**** Provided material ****
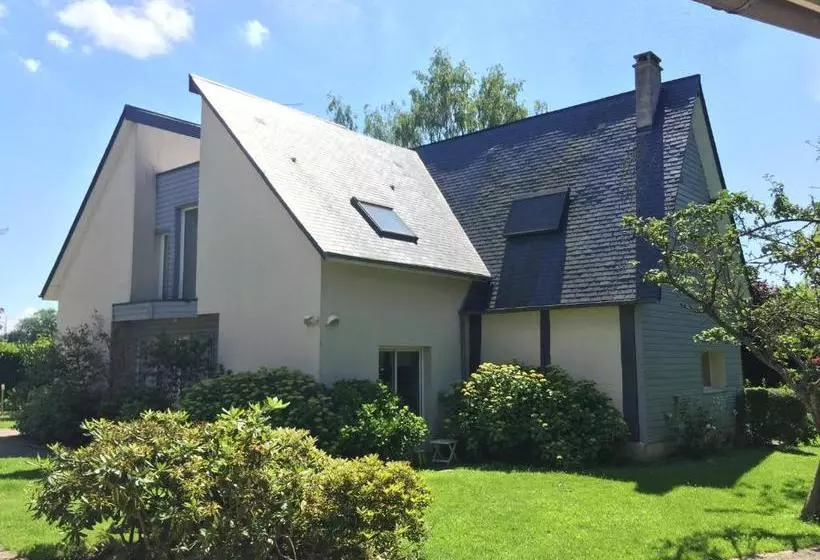 Aamiaismajoitus (B&B) Chambre D Hotes Le Phenix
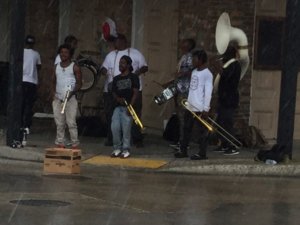 Brass Band sous la pluie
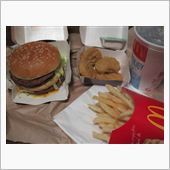 今日のディナーは、「マクドナ ...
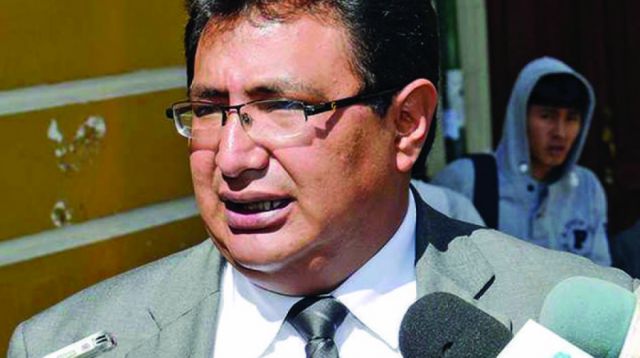 Barral denuncia agresiones de simpatizantes del MAS en La Paz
****
▶ Exercise objective
Word for word, repeat the data above with the pictures left out.

▶ The answer
 Aamiaismajoitus (B&B) Chambre D Hotes Le Phenix
 Brass Band sous la pluie
 今日のディナーは、「マクドナ ...
 Barral denuncia agresiones de simpatizantes del MAS en La Paz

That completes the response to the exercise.